(Beginning of Data for analysis)

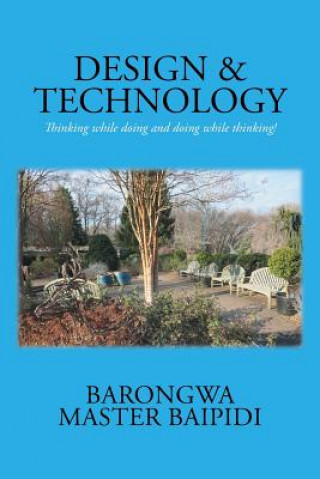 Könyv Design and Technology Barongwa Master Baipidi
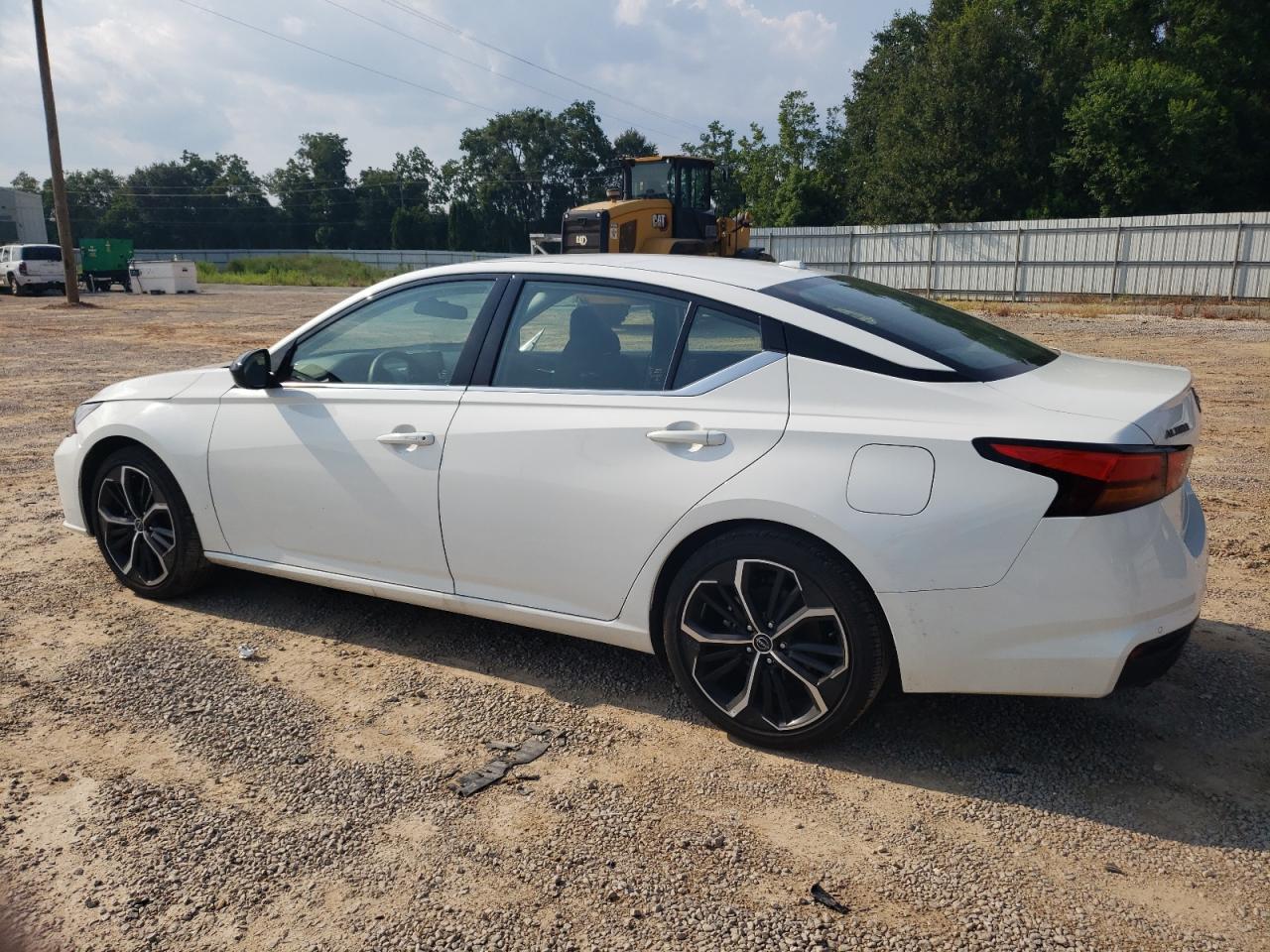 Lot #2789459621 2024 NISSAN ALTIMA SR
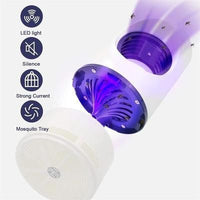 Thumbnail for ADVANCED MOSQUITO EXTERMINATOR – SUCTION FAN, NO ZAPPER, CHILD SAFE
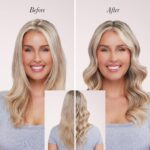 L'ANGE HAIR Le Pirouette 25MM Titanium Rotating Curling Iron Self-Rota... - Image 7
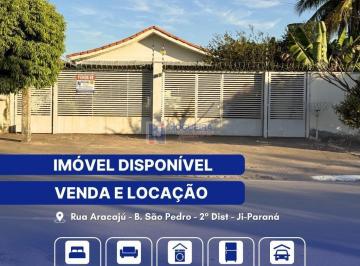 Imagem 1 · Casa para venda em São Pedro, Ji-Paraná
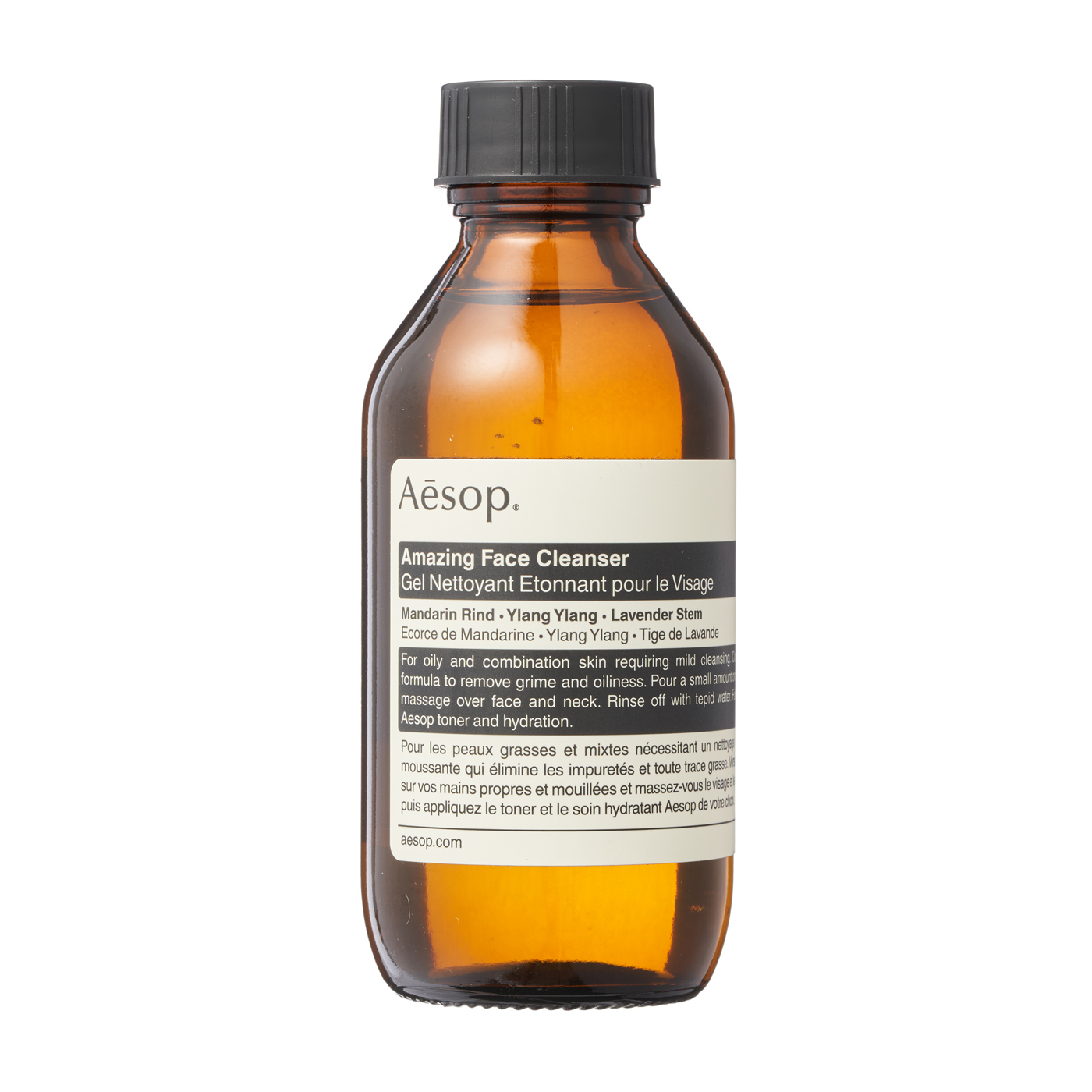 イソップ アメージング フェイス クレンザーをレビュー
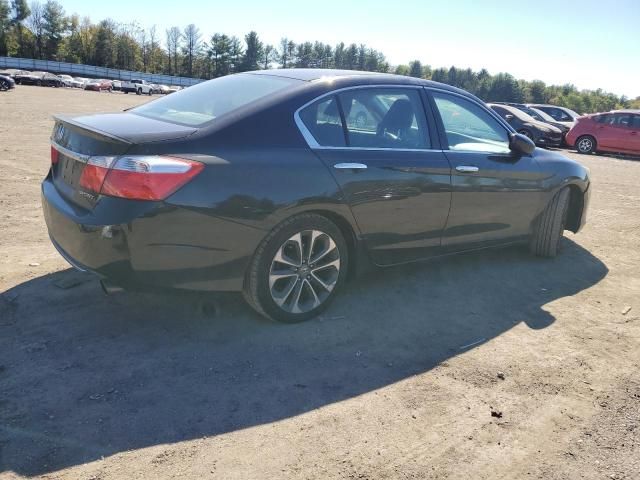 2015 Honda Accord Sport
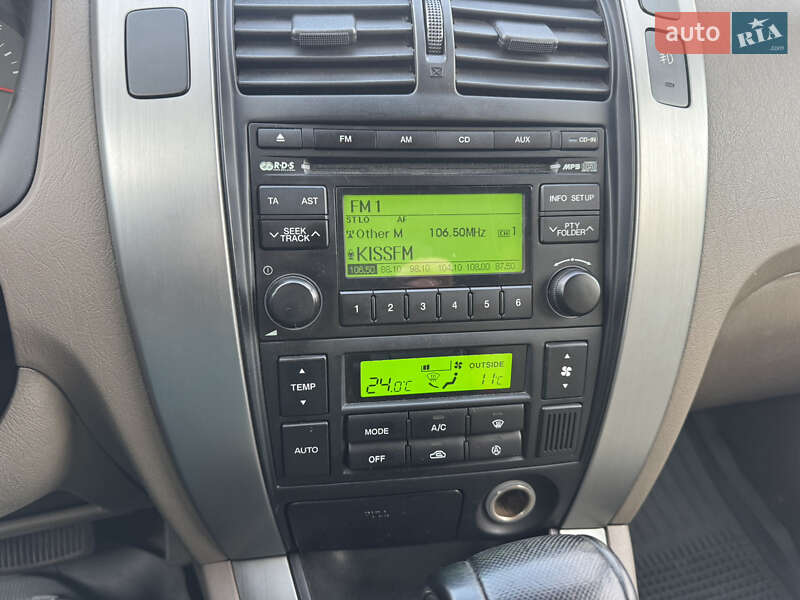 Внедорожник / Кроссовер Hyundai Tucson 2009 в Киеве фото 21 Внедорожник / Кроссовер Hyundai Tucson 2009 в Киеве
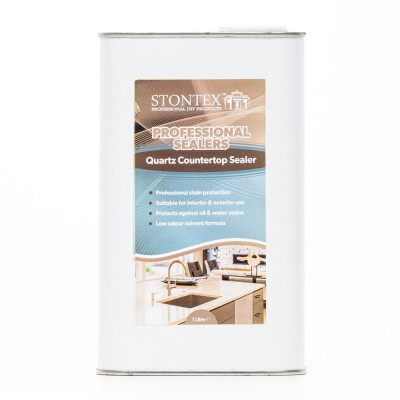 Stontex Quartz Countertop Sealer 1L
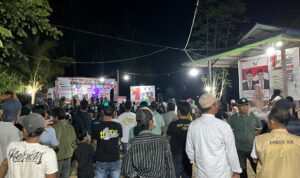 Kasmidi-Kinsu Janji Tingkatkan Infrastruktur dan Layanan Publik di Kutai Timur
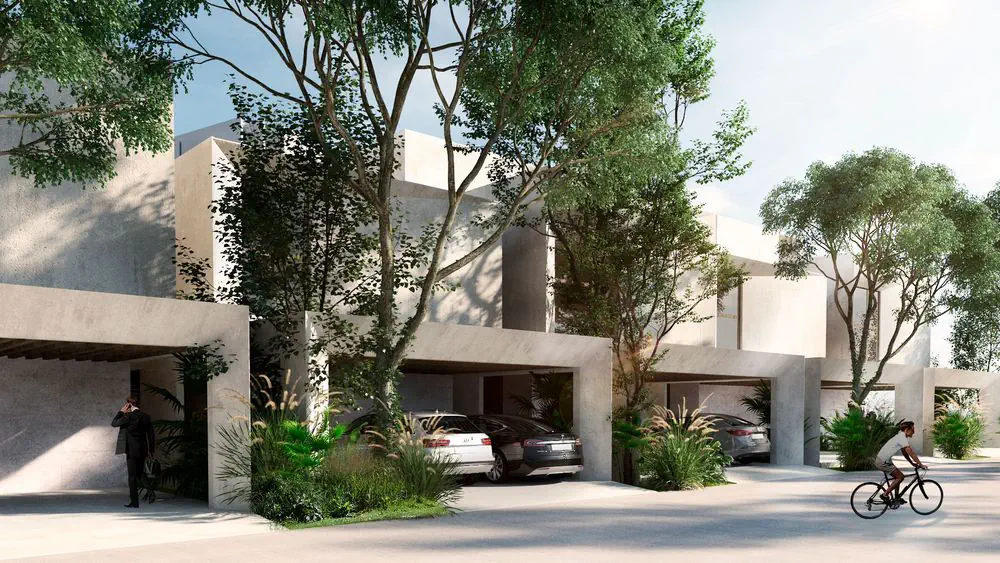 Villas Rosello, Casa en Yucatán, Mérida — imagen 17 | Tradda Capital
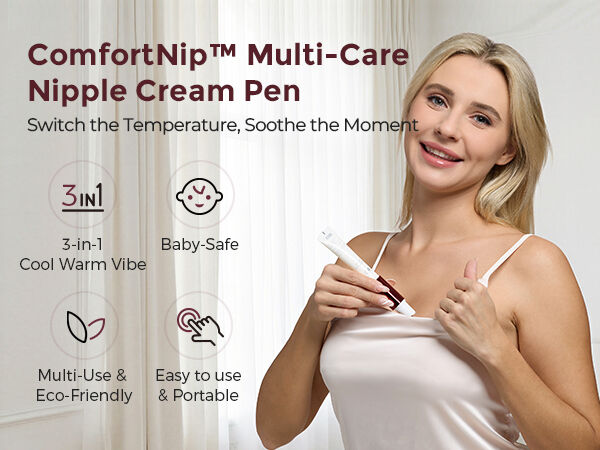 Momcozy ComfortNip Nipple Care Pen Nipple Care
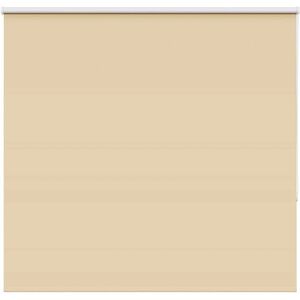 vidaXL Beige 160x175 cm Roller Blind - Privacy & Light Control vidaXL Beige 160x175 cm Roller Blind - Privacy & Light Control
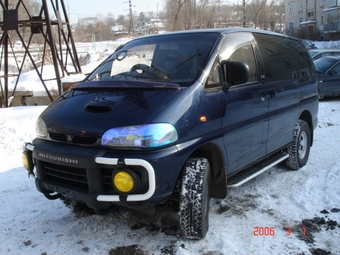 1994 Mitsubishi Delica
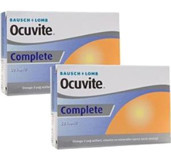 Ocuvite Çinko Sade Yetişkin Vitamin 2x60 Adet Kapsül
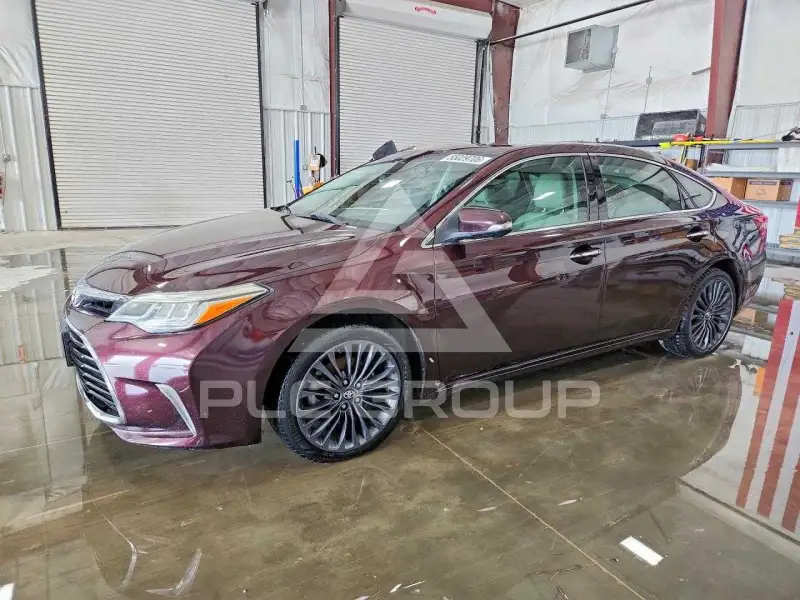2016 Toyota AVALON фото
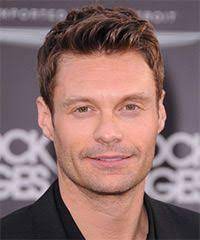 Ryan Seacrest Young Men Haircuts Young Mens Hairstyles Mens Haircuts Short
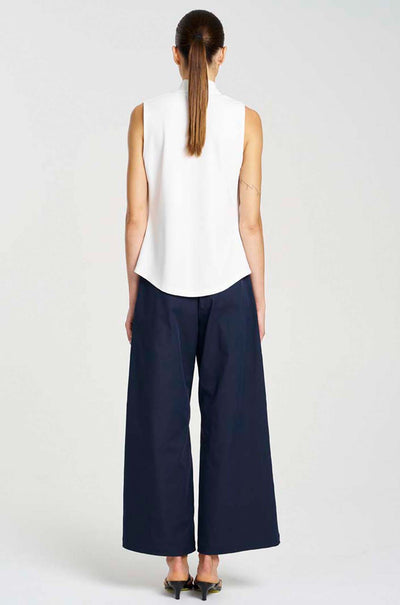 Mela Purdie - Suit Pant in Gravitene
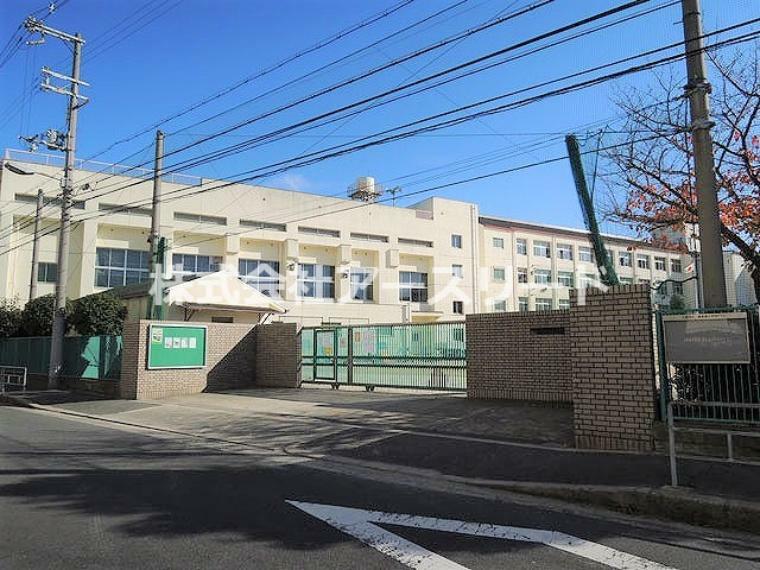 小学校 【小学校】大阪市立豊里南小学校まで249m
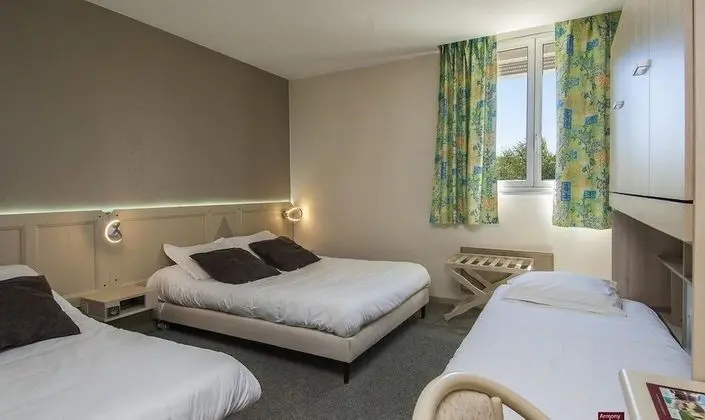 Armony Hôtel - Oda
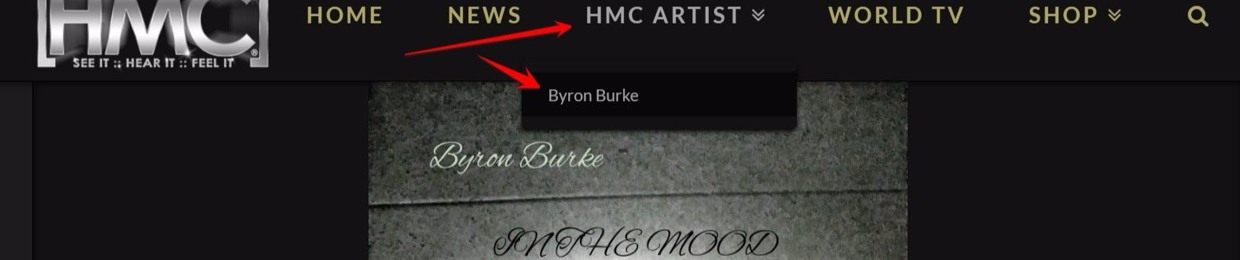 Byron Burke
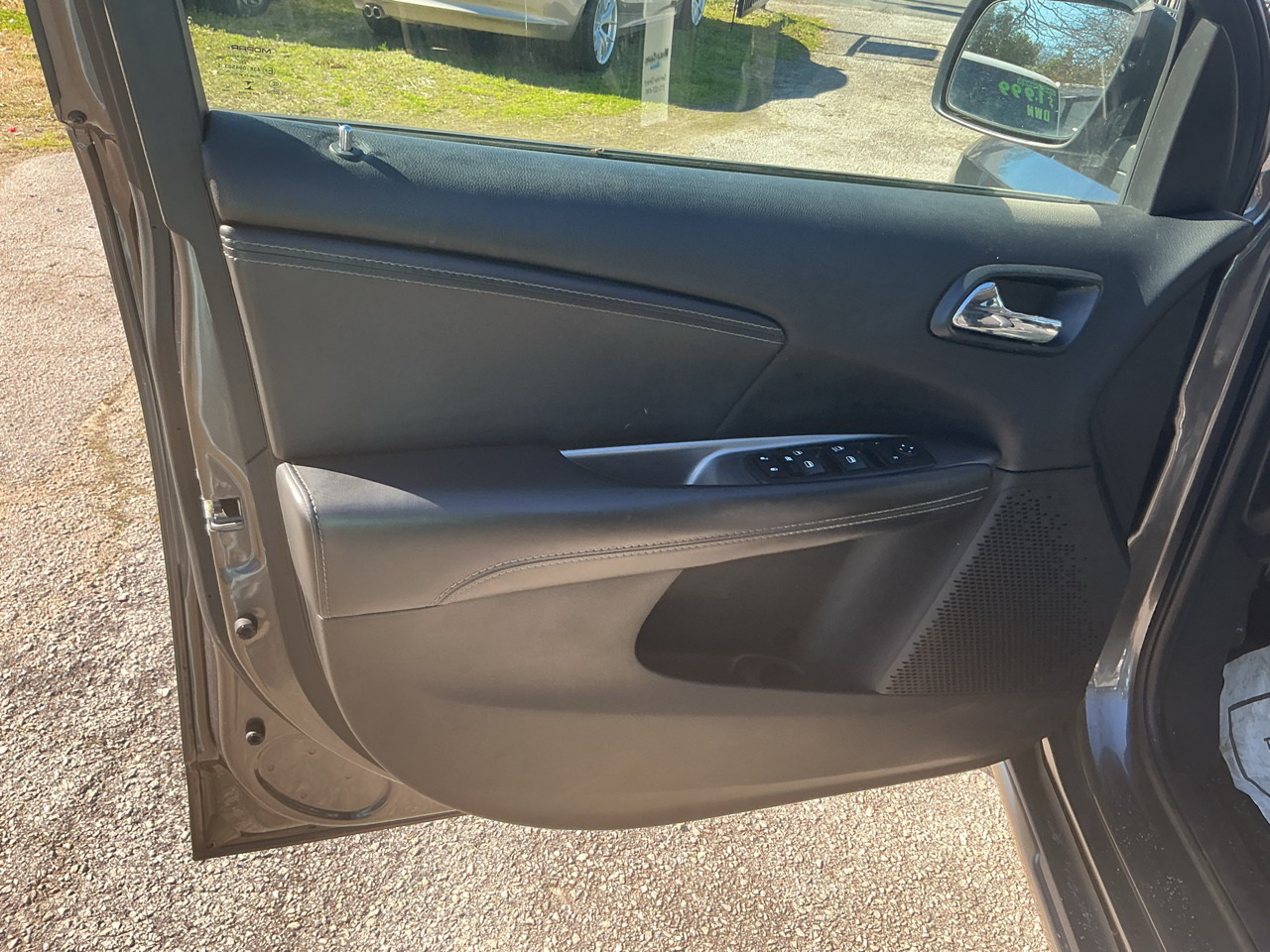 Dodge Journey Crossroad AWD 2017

(End of Data for analysis)

**Goal of the exercise**
Please repeat every record above exactly, but leave out the pictures.

**Output of the exercise**
 Könyv Design and Technology Barongwa Master Baipidi
 Lot #2789459621 2024 NISSAN ALTIMA SR
 Thumbnail for ADVANCED MOSQUITO EXTERMINATOR – SUCTION FAN, NO ZAPPER, CHILD SAFE
 L'ANGE HAIR Le Pirouette 25MM Titanium Rotating Curling Iron Self-Rota... - Image 7
 Imagem 1 · Casa para venda em São Pedro, Ji-Paraná
 イソップ アメージング フェイス クレンザーをレビュー
 2015 Honda Accord Sport
 Внедорожник / Кроссовер Hyundai Tucson 2009 в Киеве фото 21 Внедорожник / Кроссовер Hyundai Tucson 2009 в Киеве
 Stontex Quartz Countertop Sealer 1L
 Kasmidi-Kinsu Janji Tingkatkan Infrastruktur dan Layanan Publik di Kutai Timur
 Villas Rosello, Casa en Yucatán, Mérida — imagen 17 | Tradda Capital
 Momcozy ComfortNip Nipple Care Pen Nipple Care
 vidaXL Beige 160x175 cm Roller Blind - Privacy & Light Control vidaXL Beige 160x175 cm Roller Blind - Privacy & Light Control
 1994 Mitsubishi Delica
 Ocuvite Çinko Sade Yetişkin Vitamin 2x60 Adet Kapsül
2016 Toyota AVALON фото
 Ryan Seacrest Young Men Haircuts Young Mens Hairstyles Mens Haircuts Short
 Mela Purdie - Suit Pant in Gravitene
 小学校 【小学校】大阪市立豊里南小学校まで249m
 Armony Hôtel - Oda
 Byron Burke
 Dodge Journey Crossroad AWD 2017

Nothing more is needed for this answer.